[Link to videos and excercises](https://www.khanacademy.org/math/statistics-probability/inference-categorical-data-chi-square-tests)

In [1]:
# a cell to import modules and define helper functions
import math
import scipy.stats as ss

def calculate_chi_cdf(lower, upper, ddof):
    
    lower_bound = lower if isinstance(lower, float) else -math.inf
    upper_bound = upper if isinstance(upper, float) else math.inf
    
    # chi2 is for continuous variables
    cdf_lower = ss.chi2.cdf(lower_bound, ddof)
    cdf_upper = ss.chi2.cdf(upper_bound, ddof)
    interval = cdf_upper-cdf_lower
    
    print("Probability of %.3f < X < %.3f is %.4f" % (lower_bound, upper_bound, interval))
    
    return interval

Conditions for a goodness-of-fit test:
* random sampling
* large counts (at least 5 expected outcomes in each category)
* independent ( <10% of population or sampling with replacement)

# Test statistic and P-value in a goodness-of-fit test
![](img/chi_squared_p1.png)

In [2]:
# expected probability of events, our null hypothesis
P_EXPECTED = [20, 25, 20, 20, 15] # in percents, , must sum up to 100
# observed outcomes
OBSERVED = [16, 11, 16, 18, 19] # in units

# calculating total number of outcomes 
sample_size = sum(OBSERVED)
# expected number of outcomes
expected = [ sample_size * x/100 for x in P_EXPECTED ]
# degrees of freedom is total number of buckets - 1
ddof = len(OBSERVED) - 1

# summing squared differences of outcomes divided by expeted outcomes
chi_squared = sum((o-e)**2/e for o,e in zip(OBSERVED, expected))

p = calculate_chi_cdf(chi_squared, None, ddof)

Probability of 8.383 < X < inf is 0.0785


# Test statistic and P-value in chi-square tests with two-tables
![](img/chi_squared_p2.png)

In [3]:
# expected outcomes, our null hypothesis
EXPECTED = [35, 21, 14, 15, 9, 6]
# observed outcomes
OBSERVED = [30, 25, 15, 20, 5, 5]
# (col_number-1)(row_num-1)
DDOF = 2

# summing squared differences of outcomes divided by expeted outcomes
chi_squared = sum((o-e)**2/e for o,e in zip(OBSERVED, EXPECTED))

p = calculate_chi_cdf(chi_squared, None, DDOF)

Probability of 5.159 < X < inf is 0.0758


### Chi-square test usecases:

Separate, independent samples or groups (**chi-square test for homogeneity**)

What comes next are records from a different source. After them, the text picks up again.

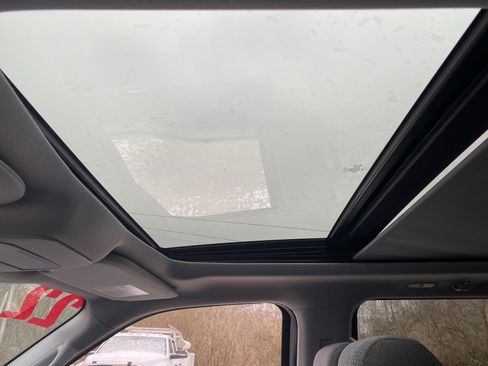 Used 2022 Ford F150 XLT w/ Equipment Group 302A High image 10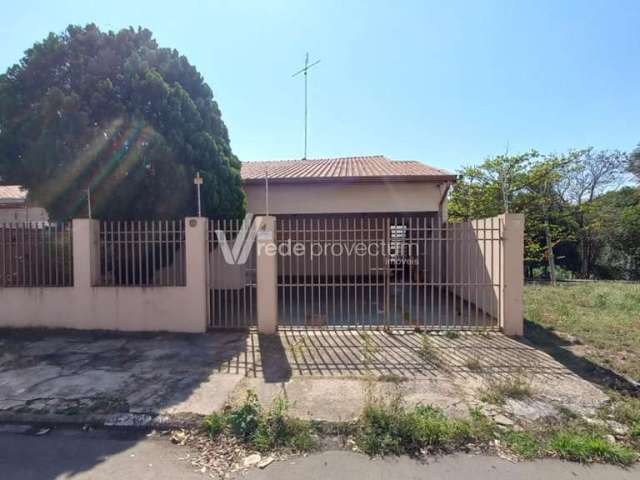 Casa com 3 quartos à venda na Rua Mauro Padovani, 4, Parque Via Norte, Campinas, 194 m2 por R$ 590.000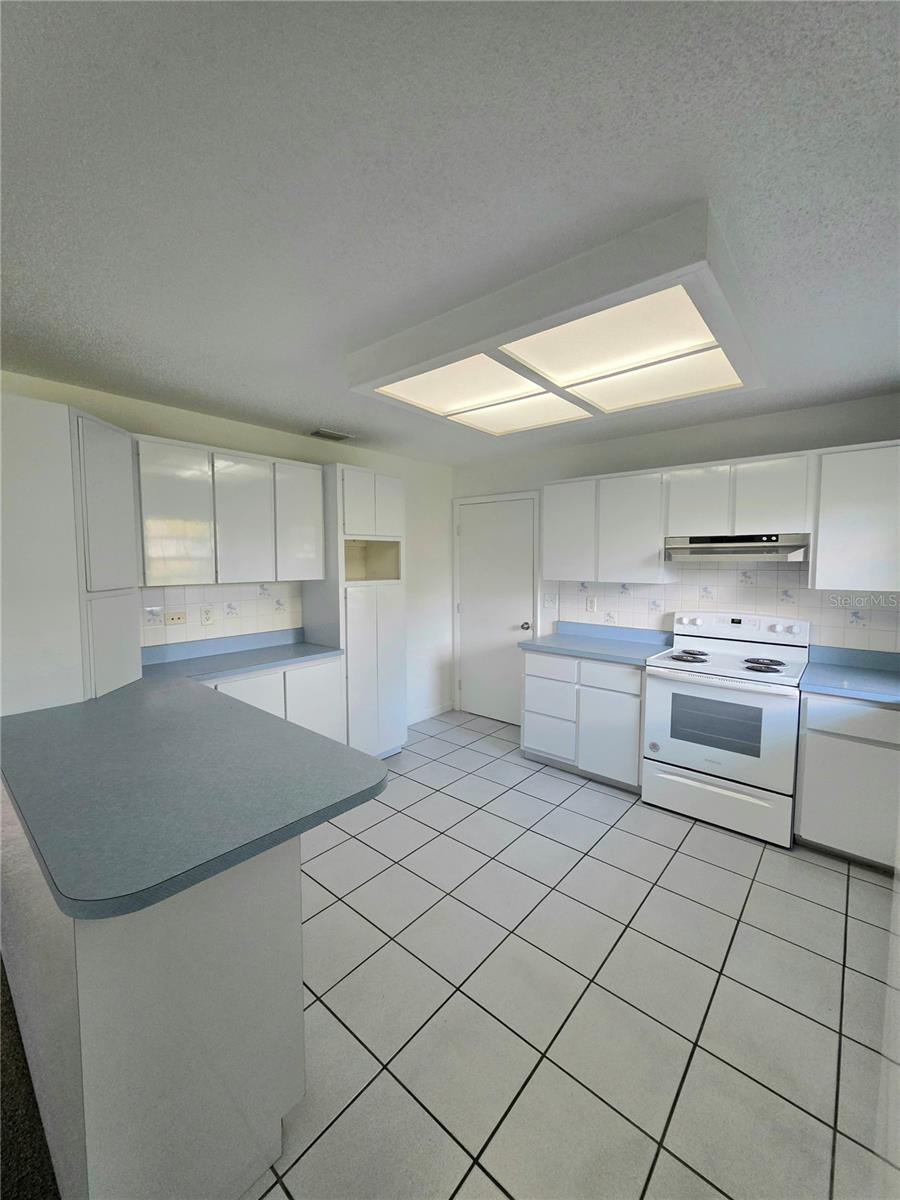 Image 6 of 14 For 5701 4th Street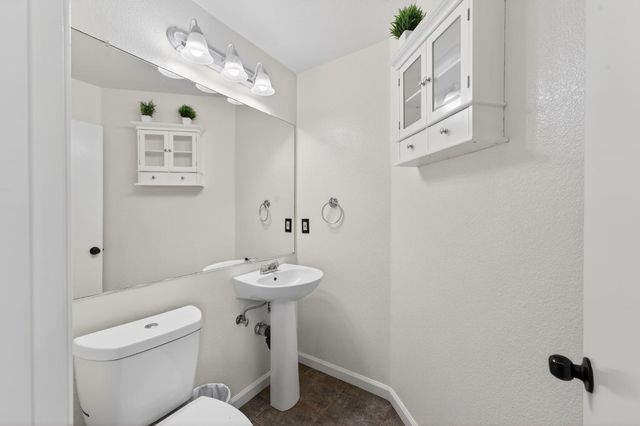 1716 Cattail Dr, Marysville, CA 95901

A chi-square test can help us when we want to know whether different populations or groups are alike with regards to the distribution of a variable. Our hypotheses would look something like this:

- H0: The distribution of a variable is the same in each population or group
- Ha: The distribution of a variable differs between some of the populations or groups

One sample or group (**chi square test of association/independence**)

A chi-square test can help us see whether individuals from a sample who belong to a certain category are more likely than others in the sample to also belong to another category. Our hypotheses would look something like this:

- H0: There is no association between the two variables (they are independent)
- Ha: There is an association between the two variables (they are not independent)